The recipe for success: a platter of IP rights to protect your food and drink products

There is a range of IP options available to manufacturers looking to protect their treasured recipes, whether through copyright, a trade secret or a patent, but how do you know if your tasty treat is eligible and, if so, which IP right you can secure? In this article, published in Baking Europe in December 2020, managing associate Laura Clews provides a brief overview of the options available, along with benefits and pitfalls of each for you to chew over…

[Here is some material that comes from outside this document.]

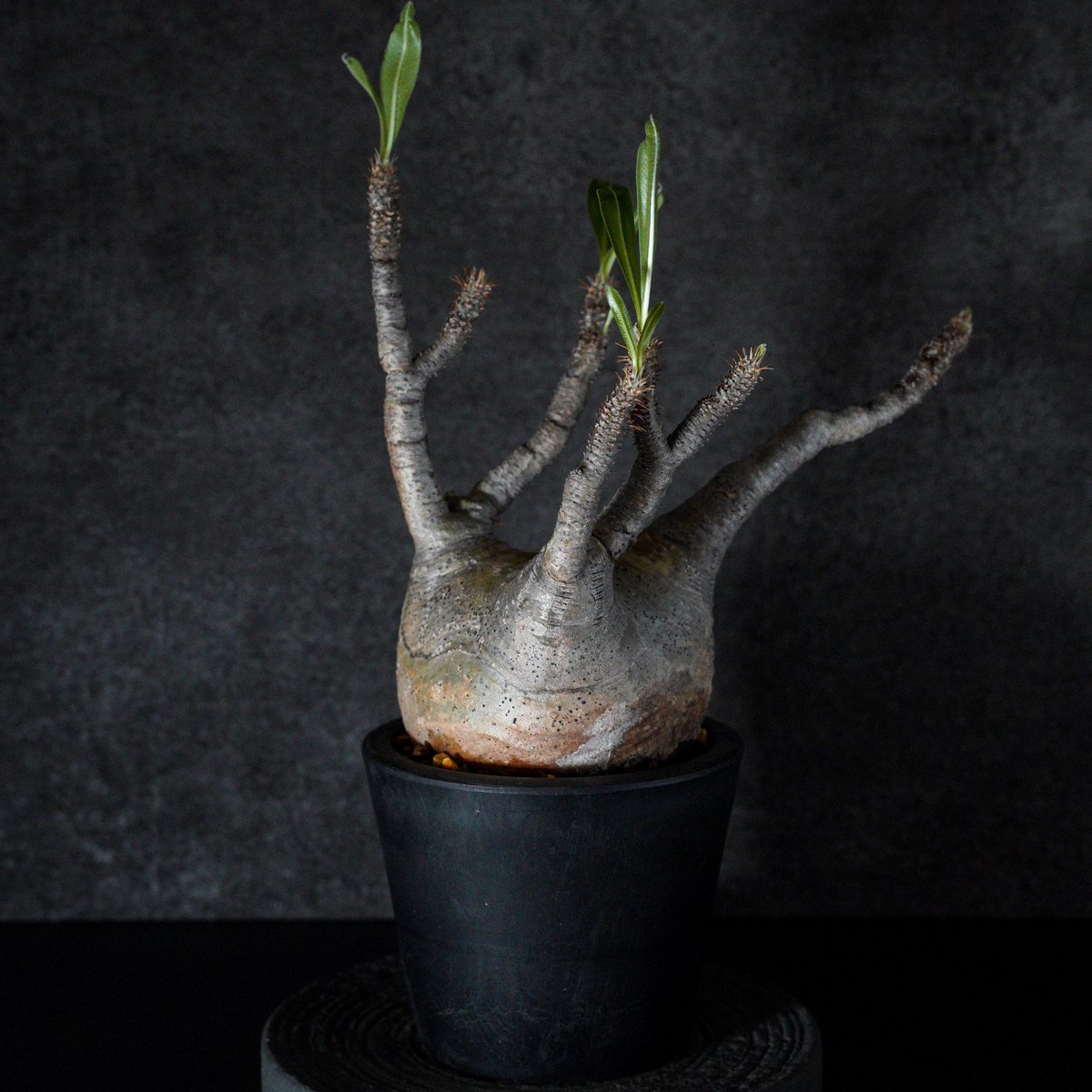 パキポディウム グラキリス-PG264 | Supervoid Caudex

The festive period is now upon us, so thoughts turn to spending time with our families, decorating the tree and, of course, food. At this time of year, food and drink manufacturers provide unique twists on classic treats and decadent desserts designed to tickle every taste bud. It is common to spend more on food and drink during the holidays and perhaps even treat ourselves to some luxury priced goods. Statistics by GoCompare Money predicted that, collectively, British households would spend £4.7 billion on food and drink products over the Christmas period in 2018. Accordingly, for manufacturers that manage to produce the ‘must have’ items of the year, Christmas can be a very profitable time. But how do you prevent other manufacturers copying your culinary creations and reducing your market share? Essentially, is it possible to protect a recipe?

Can I copyright a recipe?

Copyright is an exclusive legal right that arises automatically on the creation of an original work and can be used to prevent others from using or commercially exploiting this work without permission. Copyright protects, amongst other things, literary creations, artistic works, original non-literary written work and the layout of published editions of written works, but does this IP right extend to recipes?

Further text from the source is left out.